Era lunes por la noche. O martes por la mañana. Era tan tarde que era difícil de decir.
Kriss y yo habíamos trabajado todo el día buscando telas, haciendo que los mayordomos las colgaran, escogiendo nuestro vestuario y las joyas, la porcelana, creando un boceto del menú y escuchando a un profesor de italiano, que nos leía frases con la esperanza de que alguna se nos quedara en la mente. Por lo menos yo tenía la ventaja de que sabía español, lo que era una ventaja; el italiano y el español se parecían bastante. Por su parte, Kriss hacía lo que podía.
Tendría que estar exhausta, pero no podía dejar de pensar en las palabras de Maxon.
¿Qué había sucedido con Kriss? ¿Por qué estaban de pronto tan próximos el uno al otro? ¿Y por qué debería importarme?
Pero es que se trataba de Maxon.
Y por mucho que intentara distanciarme, aún me importaba. Todavía no estaba lista para desentenderme del todo de él.

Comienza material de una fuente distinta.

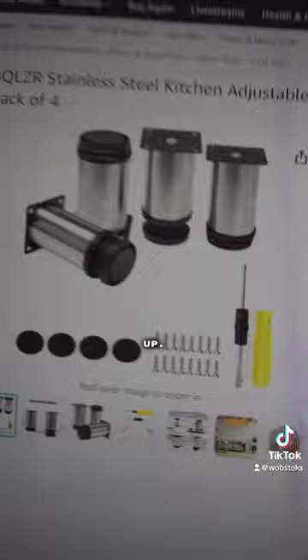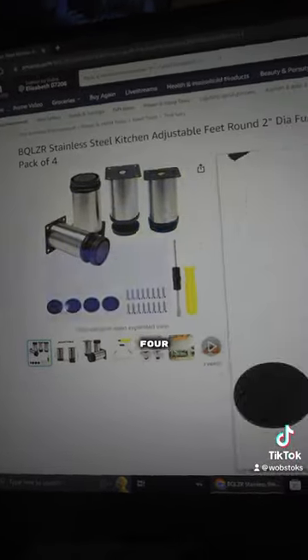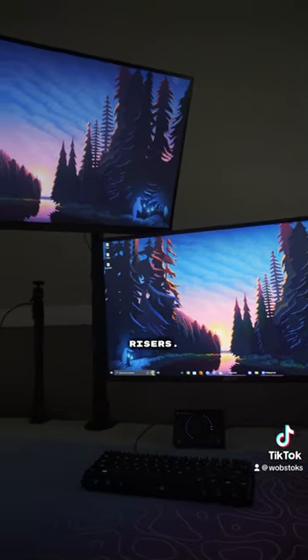They're very easy to set up. As you can see, it only takes four screws on each of the risers, and it's very much well worth it. So please go get some risers.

Debía de haber algún modo de aclararse. Mientras pensaba en todo lo que estaba sucediendo, intentando aislar los problemas, me pareció que todo se encuadraba en cuatro categorías: lo que yo sentía por Maxon; lo que él sentía por mí; lo que sucedía entre Aspen y yo; y lo que suponía para mí la posibilidad de convertirme en princesa.
De todas las cosas que me pasaban por la cabeza en aquel momento, tenía la sensación de que lo de convertirme en princesa quizá fuera lo más fácil de afrontar. En ese sentido contaba con algo con lo que las demás chicas no tenían: Gregory.
Fui hasta el taburete del piano, saqué su diario; esperaba que en aquellas páginas pudiera hallar alguna respuesta. Illéa no había nacido en la realeza; habría tenido que adaptarse. Por lo que había dicho en aquel texto sobre Halloween, en aquel momento ya se estaba preparando para un gran cambio en el futuro.
Levanté la cubierta, que separaba las palabras de Illéa del mundo, y me sumergí en el texto.
Quiero personificar el ideal americano clásico. Tengo una familia estupenda y mucho dinero; y ambas cosas se ajustan a esa imagen, porque no me las regalaron. Cualquiera que me vea ahora sabrá lo duro que he trabajado para tener lo que tengo.
Pero el hecho de que haya podido hacer uso de mi posición para dar tanto, a diferencia de otros que no han querido o no han podido, me ha cambiado, y he pasado de ser un millonario anónimo a un filántropo. Aun así, no me puedo conformar con eso. Necesito hacer más, ser más. El que está al mando es Wallis, no yo, y yo tengo que pensar en cómo darle a la gente lo que necesita sin que se me vea como un usurpador. Puede que más adelante sí me llegue el tiempo de gobernar, y entonces ya haré lo que crea más conveniente. Pero de momento tengo que seguir las reglas y hacer todo lo que pueda ateniéndome a ellas.
Intenté sacar alguna conclusión válida de sus palabras. Hablaba de aprovechar su posición. De jugar respetando las reglas. De no tener miedo.
Quizás eso debería ser suficiente, pero no me bastaba. No me parecía que fuera ni siquiera útil. Y ya que Gregory me había fallado, solo quedaba un hombre con el que pudiera contar. Me fui a mi escritorio, cogí papel y pluma y le escribí una breve carta a mi padre.